Осколок (Морьентес) - страница 85

— Ладно, тогда не буду тебе мешать… Пойду к остальным…

— Подожди, — Макс поймал ее за уходящее плечо, — постой со мной. Ревнуешь?

И только сейчас вдруг, открыв рот для ответа, поняла, что это вовсе не ревность. На самом деле — не ревность!

— Нет. Просто это… унизительно, что ли, когда твой парень так ведет себя в твоем присутствии. Обидно, что ты меня ни во что не ставишь. Что я для тебя пустое место.

— Это не так, — сказал Максим, надолго посмотрев ей в глаза.

Наташа улыбнулась ему — сама не осознавала, почему перестала на него сердиться. Не находила возможностей продолжать разговор — настолько заметно Макс этого избегал. Но интуиция заставляла вести себя именно так:

— Тебе плохо? Переживаешь из-за чего-то? — спросила Наташа просто так, даже без умысла.

А Максим молча покачал головой. Утвердительно. Наташа была немного выбита из колеи таким искренним ответом. И уже знала, что он не станет ей рассказывать, что именно его беспокоит. За стеной, за дверью, только в зале, а казалось, что вокруг, приглушенно тукали басы, одинаково, скучно. Этот маленький грохот действовал на нервы. Точно так же что-то постукивает у Максима в памяти, надоедливо, раздражающе, еще не в полную мощь, чтобы все могли это заметить, но уже достаточно, чтобы сойти с ума.

— Котик, — Наташа ласково погладила его по плечу и робко поцеловала в профиль, — в жизни очень часто бывают моменты, когда надо просто перетерпеть и переждать. Может, это как раз твой случай? Все пройдет.

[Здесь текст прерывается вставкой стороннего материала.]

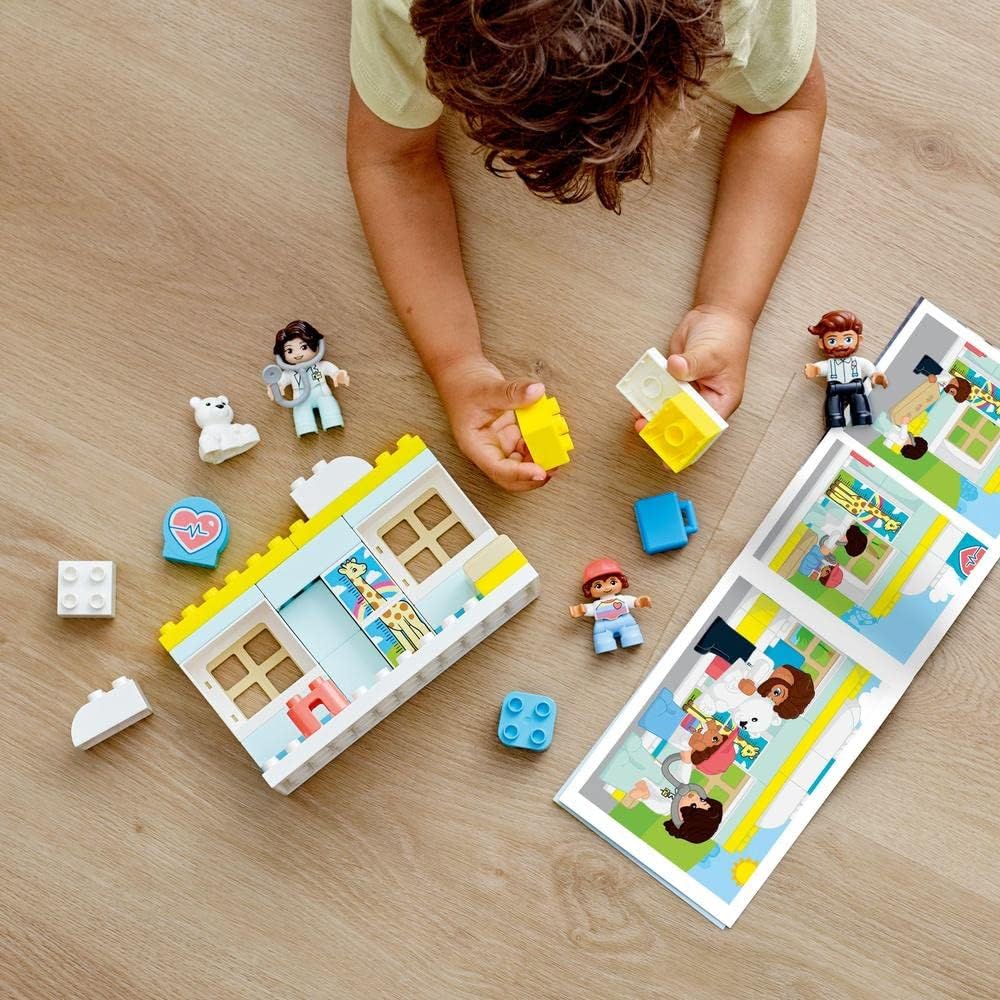 LEGO 10968 DUPLO Arztbesuch, Lernspielzeug für Kleinkinder, Spielzeug für Mädchen und Jungen ab 2 Ja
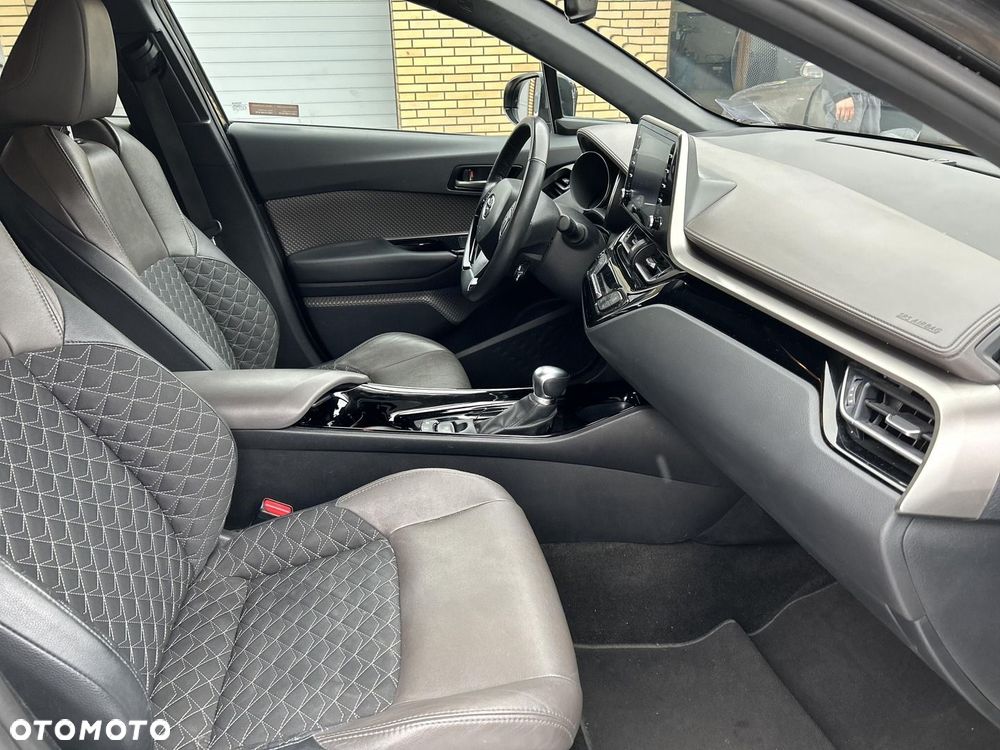Toyota C-HR 2.0 Hybrid Executive - 11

Улыбнулась сама себе: они словно поменялись ролями. Он чем-то расстроен, а она нараспев успокаивает его нежными прикосновениями и такими же нежными речами. Что ж, он заслужил взаимность, он точно так же поддерживал ее несколько лет.

Хорошо освещенный, но все равно мутный и неуютный уличный балкон ярко вспыхивал на фоне темного, почти черного неба без луны и звезд. Напротив — рынок, старое здание Советских времен, мертвый, закованный цепью на воротах. Кажется, что ему плохо, одиноко, но к нему никак не подойдешь, не побродишь по пустым и гулким залам мясного отдела, или вдоль уличных прилавков, длинных и безнадежно безликих. Можно попытаться перелезть через ворота, но там наверняка охранники. А если еще и собаки… Страшно переступить эту черту, страшно нарваться на сопротивление и понять, что тебя здесь не ждут.

— Ты смогла бы простить измену? — спросил Макс, не поворачиваясь к девушке, глядя прямо перед собой — на кипарисы.

Или все-таки бдительный сторож ее туда пропустит? Он что, хочет изменить и как бы спрашивает разрешения?

— Нет, не смогла бы, — ответила Наталья. И принялась рассуждать спокойным голосом: — Простить измену — это вообще как? Такого же в природе не существует. Я смогла бы сделать вид, что у нас с тобой все, как раньше, смогла бы никогда не напоминать тебе об измене, не упрекать тебя… И это было бы то, что мы привыкли называть «прощением». Но это не значит, что я перестала бы переживать из-за этого. Я все равно вспоминала бы, и мне было бы больно каждый раз… Хотя, это я на словах так говорю. Как поведу себя на самом деле — не знаю. Почему ты спросил?